Abstract 5551: Apelin is Necessary for the Maintenance of Insulin Sensitivity
BACKGROUND: The recently discovered cardioactive peptide apelin has been shown to be involved in the maintenance of insulin sensitivity. However, questions persist regarding its precise role and molecular mechanism of action.
METHODS: Insulin (0.75 U/kg) tolerance testing (ITT) was performed on mice with generalized deficiency of the apelin gene (APKO). Additionally, fasting glucose, insulin, free fatty acid (FFA), and adiponectin levels were determined. To assess the impact of exogenously delivered apelin on insulin sensitivity, osmotic pumps containing pyroglutamated apelin-13 or saline were implanted in APKO mice for 4 weeks. Following the infusion, ITTs were repeated and the animals sacrificed. In selected animals, insulin (0.75 U/kg) was delivered 30 minutes prior to sacrifice; soleus muscles were then harvested, homogenized in lysis buffer, and insulin-induced Akt phosphorylation determined by Western blotting. Apelin-13 infusion, ITTs, and serum insulin, glucose, FFA, and adiponectin measurements were also performed in obese diabetic db/db mice. To probe the underlying mechanism for apelin’s effects, apelin-13 (1 μM) was also delivered to cultured C2C12 myotubes. 2-[3H]-deoxyglucose uptake and Akt phosphorylation were assessed.

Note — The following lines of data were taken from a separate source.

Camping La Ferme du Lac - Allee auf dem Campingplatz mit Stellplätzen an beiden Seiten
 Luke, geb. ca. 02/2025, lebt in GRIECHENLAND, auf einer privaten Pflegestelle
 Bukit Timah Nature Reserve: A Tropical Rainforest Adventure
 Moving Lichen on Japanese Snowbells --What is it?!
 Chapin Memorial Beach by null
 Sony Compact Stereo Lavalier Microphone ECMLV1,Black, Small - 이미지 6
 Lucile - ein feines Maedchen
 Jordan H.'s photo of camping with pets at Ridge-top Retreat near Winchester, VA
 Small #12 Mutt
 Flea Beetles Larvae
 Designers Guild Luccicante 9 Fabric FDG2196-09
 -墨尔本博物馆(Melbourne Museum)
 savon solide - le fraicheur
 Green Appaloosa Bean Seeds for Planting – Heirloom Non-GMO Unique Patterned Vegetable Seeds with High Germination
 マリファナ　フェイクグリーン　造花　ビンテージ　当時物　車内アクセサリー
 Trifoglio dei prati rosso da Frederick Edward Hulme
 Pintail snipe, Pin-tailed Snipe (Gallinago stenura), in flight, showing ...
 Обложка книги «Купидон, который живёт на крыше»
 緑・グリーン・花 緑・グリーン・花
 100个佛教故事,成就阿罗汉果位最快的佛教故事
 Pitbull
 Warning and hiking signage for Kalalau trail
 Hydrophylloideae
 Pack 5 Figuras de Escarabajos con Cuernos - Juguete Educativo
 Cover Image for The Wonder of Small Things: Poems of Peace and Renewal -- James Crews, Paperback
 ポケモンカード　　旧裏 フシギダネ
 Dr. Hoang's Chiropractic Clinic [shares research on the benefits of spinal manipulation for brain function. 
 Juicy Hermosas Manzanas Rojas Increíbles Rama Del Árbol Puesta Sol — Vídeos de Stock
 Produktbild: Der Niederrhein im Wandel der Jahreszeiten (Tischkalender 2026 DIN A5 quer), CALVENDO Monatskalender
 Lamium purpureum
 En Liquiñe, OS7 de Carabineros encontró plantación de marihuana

RESULTS: APKO mice had significantly decreased insulin sensitivity by ITT, increased insulin (0.70±0.033 vs. 0.55±0.098 pg/mL; p < 0.05) and FFA (231±11 vs. 172±14 μmol/L; p < 0.01) levels, and decreased adiponectin levels (64±3.3 vs. 80±8.0 μg/mL; p < 0.05). Soleus lysates had decreased insulin-induced Akt phosphorylation. Administration of apelin to both APKO and db/db mice resulted in improvements in insulin sensitivity. No changes in body weight were observed in either animal model with or without apelin. In C2C12 myotubes, apelin increased glucose uptake (10.6±0.70 vs. 6.01±0.18 pmol/mg protein/min; p < 0.01) and Akt phosphorylation. These events were fully abrogated by inhibitors of Gi (pertussis toxin) and AMPK (Compound C), but only partially by phosphoinositide 3-kinase inhibition (LY294002).
CONCLUSIONS: Apelin is necessary for the maintenance of insulin sensitivity in vivo. Apelin’s effects on glucose uptake and Akt phosphorylation may be mediated by a Gi and AMPK-dependent pathway.